I motivi sono noti e dibattuti, ma Daveri li ha riuniti in un quadro organico e completo. Difficilmente si può dire che gli stranieri “rubino il lavoro agli italiani”, dal momento che non solo svolgono lavori che gli Italiani ormai si rifiutano di fare ma perché, al contrario, vasti settori delle PMI richiedono proprio manodopera straniera per contenere i costi del lavoro. Più probabile che la diffidenza nasca dall’aumento di bambini stranieri nelle scuole, nelle strutture sanitare e soprattutto nell’ambito estremamente sensibile dell’edilizia popolare. A ciò si aggiunge il discorso sulla criminalità, dovuta sia al minor livello di reddito e di scolarizzazione degli immigrati, sia al fatto che la “diffusa cultura dell’illegalità e dell’informalità” in Italia ha aumentato le possibilità di delinquenza.
Dunque come migliorare le relazioni fra italiani e stranieri? Daveri risponde con un gioco di parole: “rendere gli stranieri ‘meno stranieri’ sarebbe il modo migliore per diminuire il numero di stranieri”, ad esempio facilitando i percorsi di integrazione (come nel caso della cittadinanza, rilasciata non per meriti ma per durata della permanenza). “Gli immigrati non arrivano da Lampedusa, ma da Malpensa. Entrano in Italia con il visto turistico e poi restano qui”: stabilire un sistema di controllo dei visti, individuando un referente già residente in Italia, potrebbe limitare di molto la clandestinità.
Daveri ha poi citato il caso di Harlem delle politiche di reinsediamento contestuale di italiani e stranieri, per sviluppare così un modello misto. Oppure, ha concluso, si potrebbe imparare da alcuni esempi virtuosi già sperimentati in America: “i leader islamici che danno il buon esempio sono i migliori alleati delle politiche sociali di Obama”, mentre l’arruolamento degli stranieri nelle forze dell’ordine, come avvenuto per gli ispanici in California, crea e propone un modello positivo di cittadinanza nelle comunità immigrate.
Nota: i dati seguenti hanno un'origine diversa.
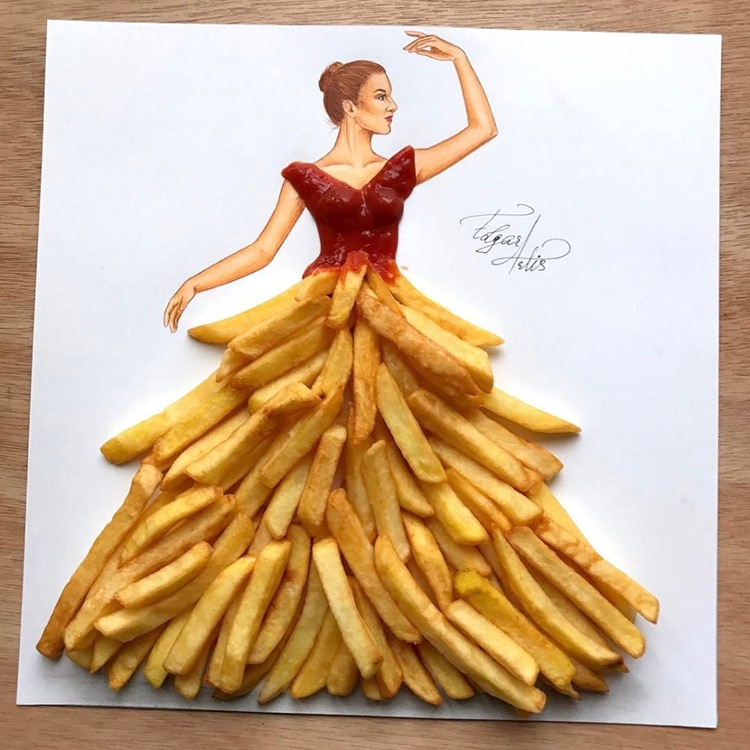 3d-fashion-illustrations-edgar-artis-21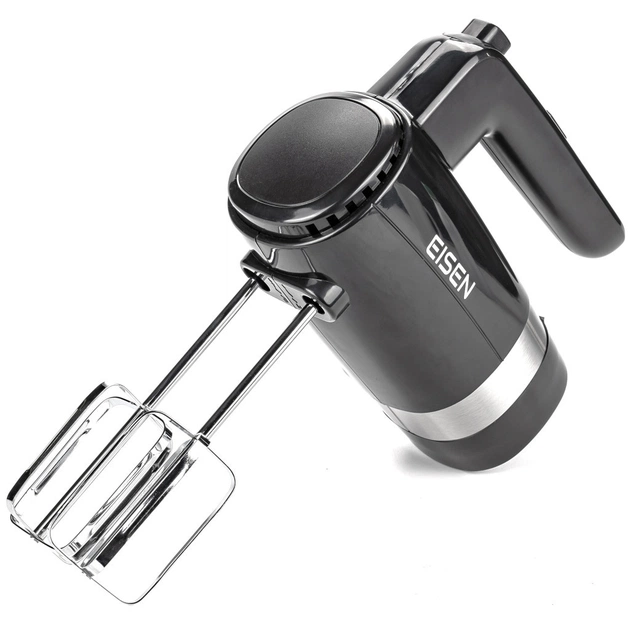 Міксер Eisen EHM-50 - picture 9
La chiusura dell’incontro è stata affidata a Giovanni Peri, che dopo una breve opinione sul libro di Daveri ha citato l’esempio degli Italiani in America. Disprezzati per decenni per l’incapacità di integrarsi nel tessuto sociale statunitense, a tutt’oggi gli Italiani sono considerati dall’americano medio come nel peggiore degli stereotipi, convinzione alimentata dai film hollywoodiani e dai reality show che hanno per protagonisti i giovani italoamericani. Eppure, nonostante questa convinzione, gli Stati Uniti hanno avuto registi, scrittori, sindaci e giudici della corte suprema di origine italiana. Lo stesso augurio, ha concluso Peri, va agli immigrati che oggi vivono nel nostro paese.